A génese do actual Tribunal de Justiça das Comunidades Europeias encontra-se no Tribunal de Justiça da Comunidade Europeia do Carvão e do Aço, instituído em 1951 como primeira organização europeia de integração regional e à qual se juntariam, em 1957, a Comunidade Económica Europeia (que em 1992, com o Tratado de Maastricht, será designada simplesmente Comunidade Europeia) e a Comunidade Europeia de Energia Atómica. A partir de 1958, o Tribunal de Justiça passa a ser uma das quatro instituições (viriam a ser cinco com o referido Tratado de Maastricht que lhes adicionaria o Tribunal de Contas) comuns às três Comunidades (as demais eram o Parlamento Europeu, o Conselho e a Comissão), desempenhando em relação a todas elas a mesma missão de garantir o respeito do direito na interpretação e aplicação dos Tratados (CECA, CEE e CEEA).

Mais tarde, com a criação da União Europeia pelo Tratado de Maastricht, o Tribunal de Justiça começaria igualmente a exercer as suas competências nalguns dos domínios (de forma que seria entretanto reforçada em 1997, com o Tratado de Amesterdão) cobertos pela cooperação no domínio da justiça e assuntos internos (a que sucederia, em 1997, no plano da União Europeia, a cooperação policial e judiciária em matéria penal), sem no entanto o fazer em relação à política externa e de segurança comum criada na mesma altura.
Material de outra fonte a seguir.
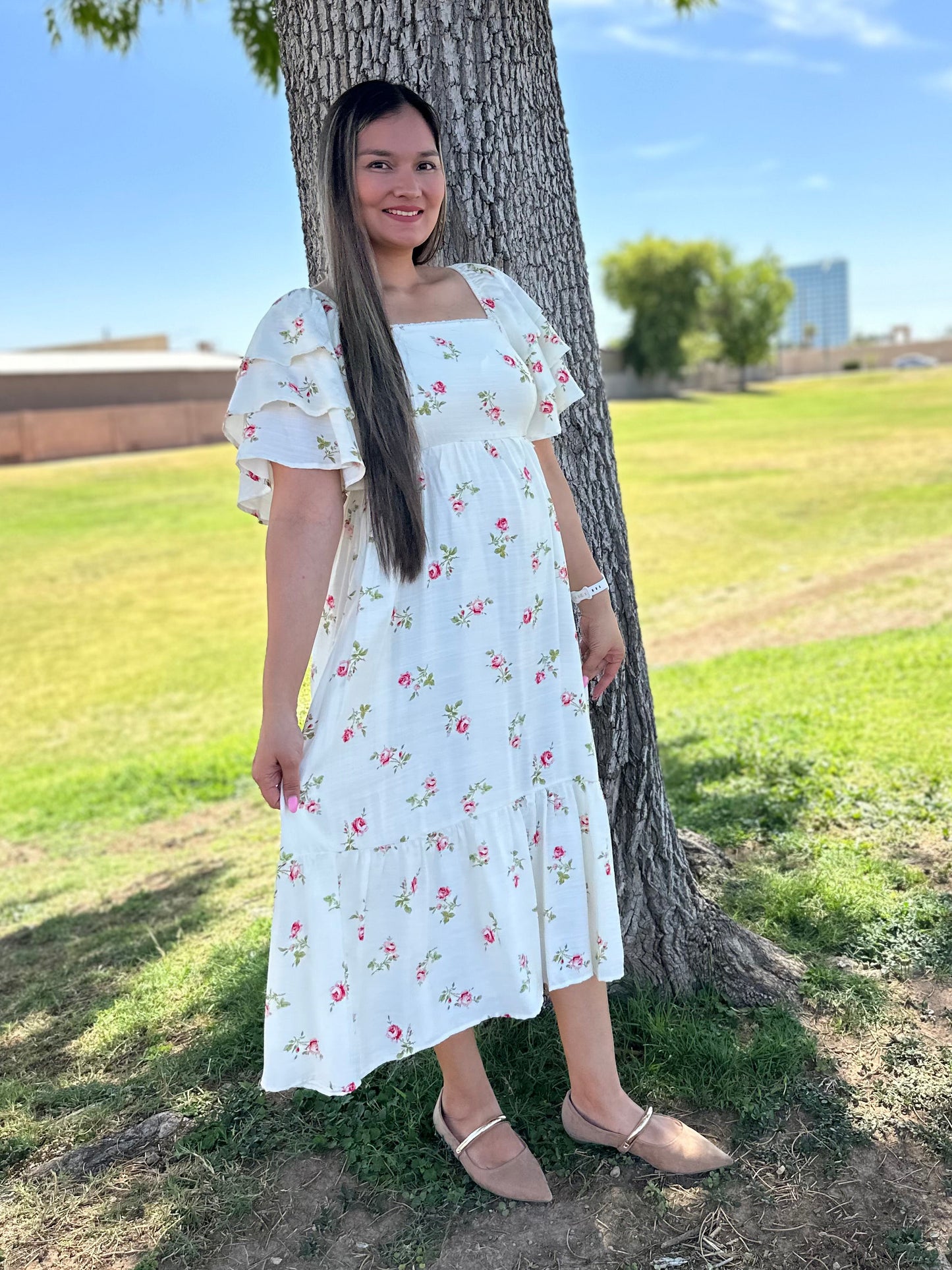 Rose Floral Tiered Flutter Sleeve Midi Dress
A criação do Tribunal aparece como justificada pela necessidade de dirimir os conflitos que se poderiam vir a suscitar entre as instituições e entre elas e os Estados, quer quanto à interpretação, quer quanto à aplicação dos tratados como do restante direito (direito derivado) criado em sua aplicação pelas outras Instituições. Mas espelha claramente a intenção de criar organizações em que o respeito pela regra de direito ocupa um lugar essencial, o que viria a ser mais tarde reconhecido pelo Tribunal ao declarar que os Tratados constituíam a “carta constitucional de base de comunidade de direito” (acórdão Les Verts,1986).

O Tribunal seria constituído à imagem dos tribunais internacionais, integrando um juiz indicado por cada Estado membro (o que se justificaria pela necessidade de ter nele representadas as diferentes sensibilidades jurídicas nacionais) e um corpo de advogados-gerais a quem cabe a missão de apresentar publicamente, com toda a imparcialidade e independência, conclusões fundamentadas sobre as causas a ele submetidas. Todos estes magistrados são nomeados, de comum acordo, pelos governos dos Estados membros, por um período de seis anos, renovável, devendo a sua escolha recair sobre pessoas que ofereçam todas as garantias de independência e reúnam as condições exigidas, nos respectivos países, para o exercício das mais altas funções jurisdicionais ou sejam jurisconsultos de reconhecido mérito.

De três em três anos ocorrerá uma substituição parcial, que incidirá em metade de cada um dos respectivos corpos. O Tribunal reúne em sessão plenária ou em secções, sendo as partes que perante ele se apresentam representadas pelos respectivos advogados, que, após um processo escrito que terá lugar numa das línguas comunitárias escolhida pelo autor da acção, se poderão fazer ouvir numa audiência oral que precederá a apresentação das conclusões do advogado-geral e a leitura da sentença.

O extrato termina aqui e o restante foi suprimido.